== Problem details ==
Pictures in the data must not be copied, but everything else should be output exactly.

== Information supplied ==

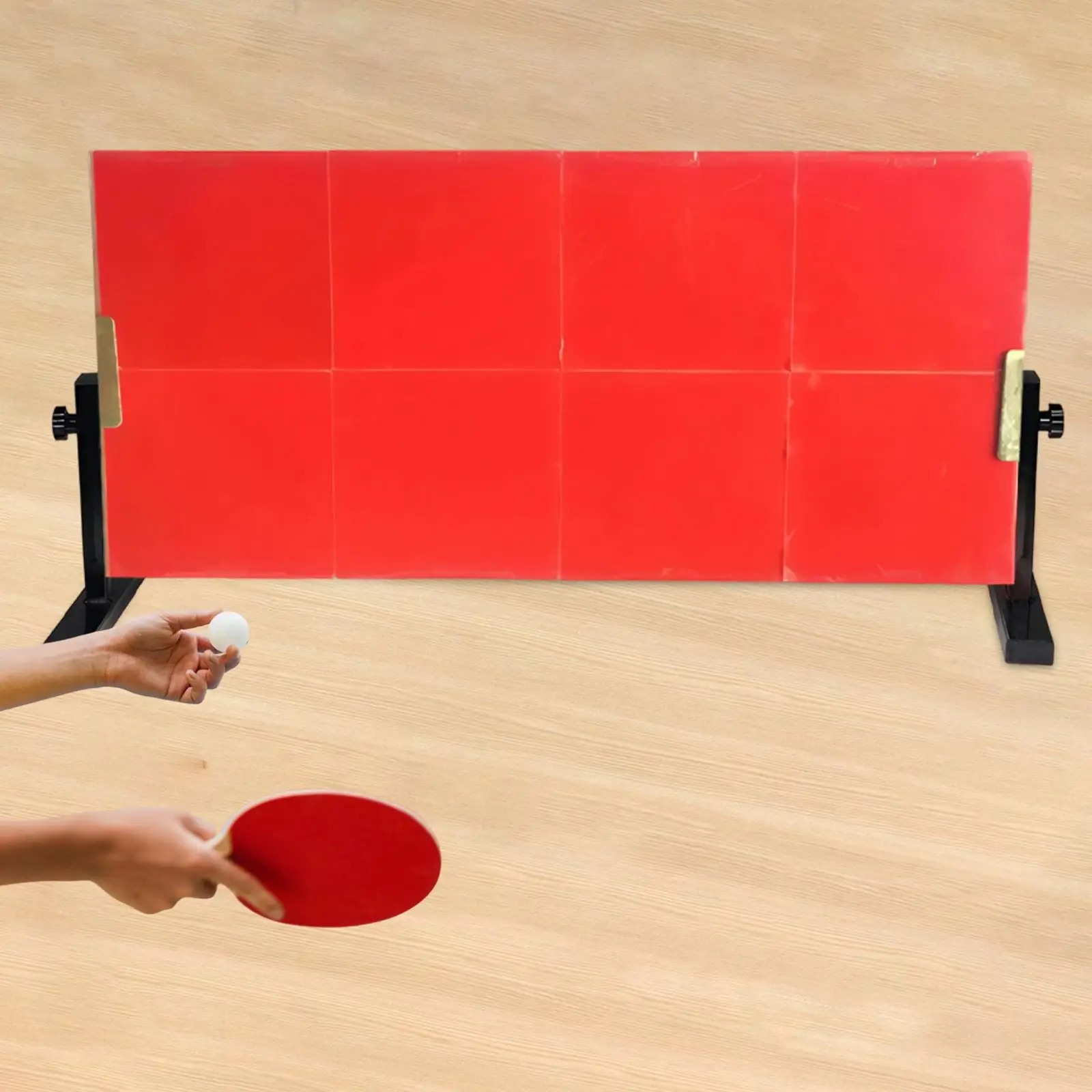 

Rubber Wood Table Tennis Board Professional Return Accessory Stable Pingpong Trainer for Skill Development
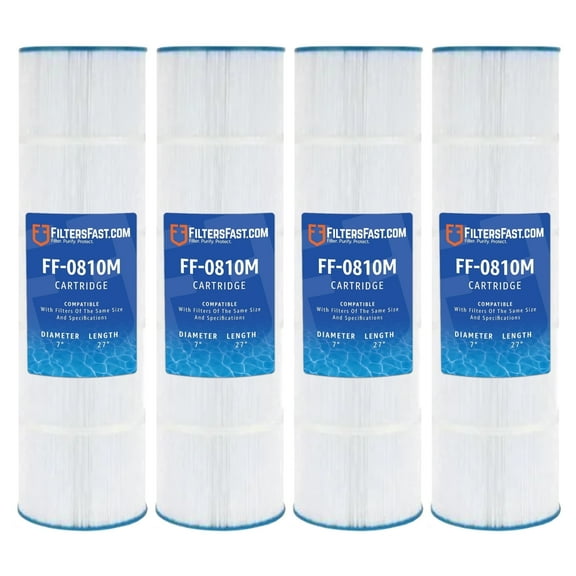 Filters Fast Compatible Replacement for Filbur FC-0810M Pool Filter, 4 Pack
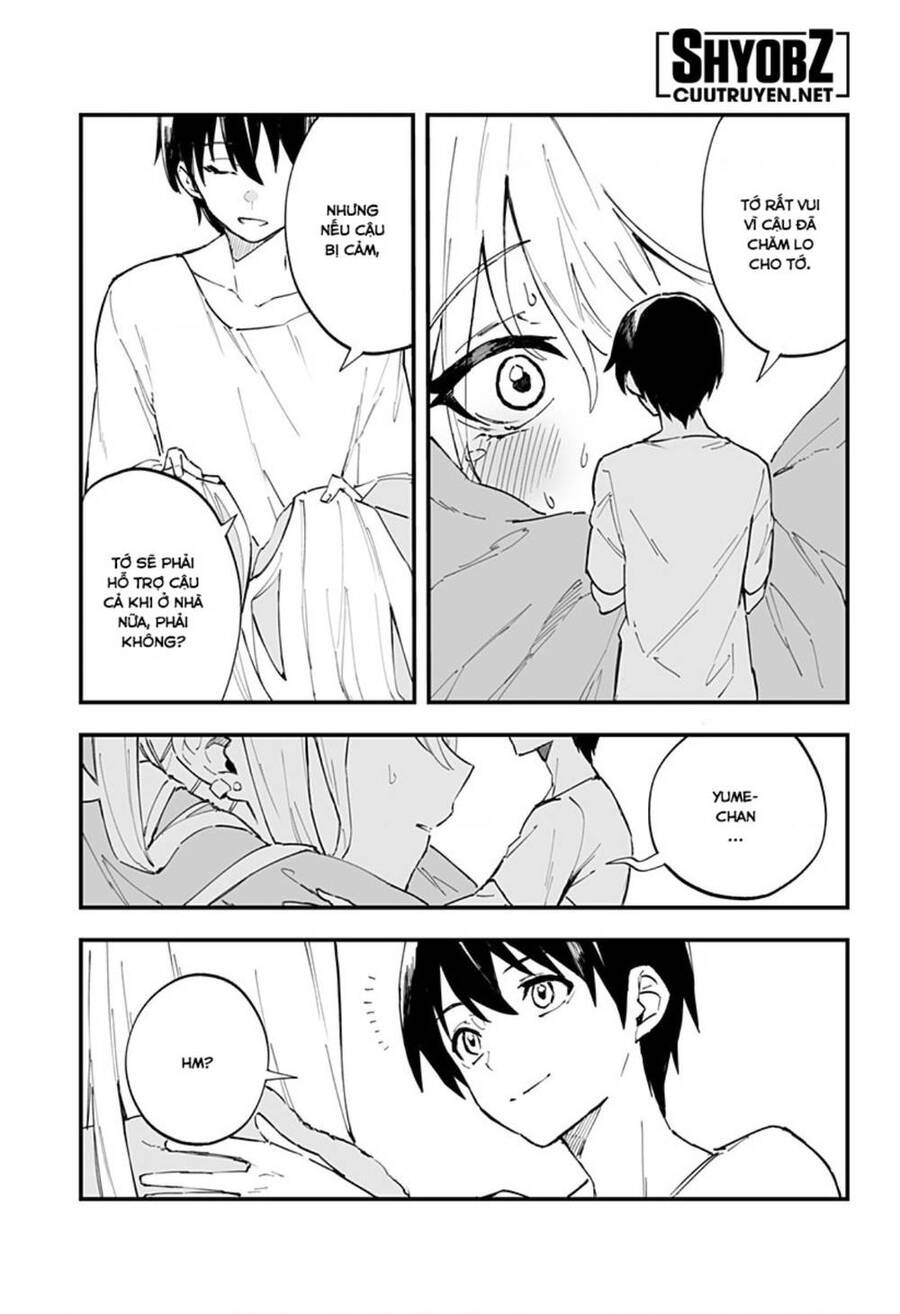 Tình Yêu Của Chieri Cao Tới Tận 8 Mét Chap 6 - Next Chap 7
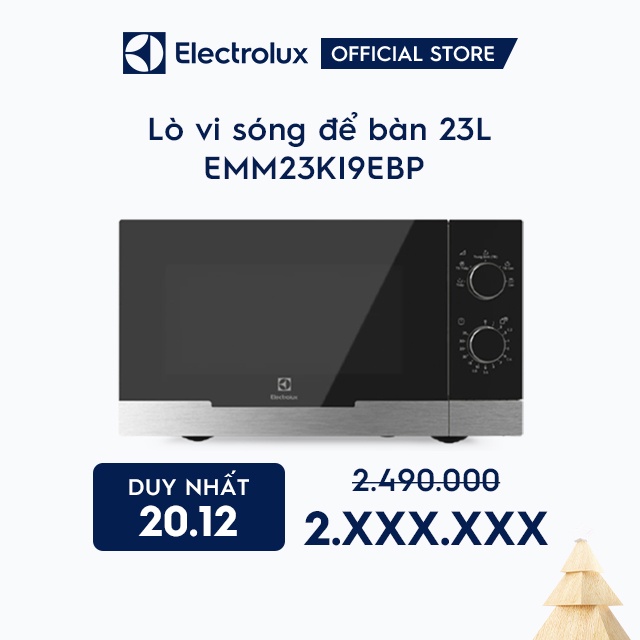 Lò vi sóng Electrolux EMM23KI9EBP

== Exercise answer ==
Rubber Wood Table Tennis Board Professional Return Accessory Stable Pingpong Trainer for Skill Development
 Filters Fast Compatible Replacement for Filbur FC-0810M Pool Filter, 4 Pack
 Tình Yêu Của Chieri Cao Tới Tận 8 Mét Chap 6 - Next Chap 7
 Lò vi sóng Electrolux EMM23KI9EBP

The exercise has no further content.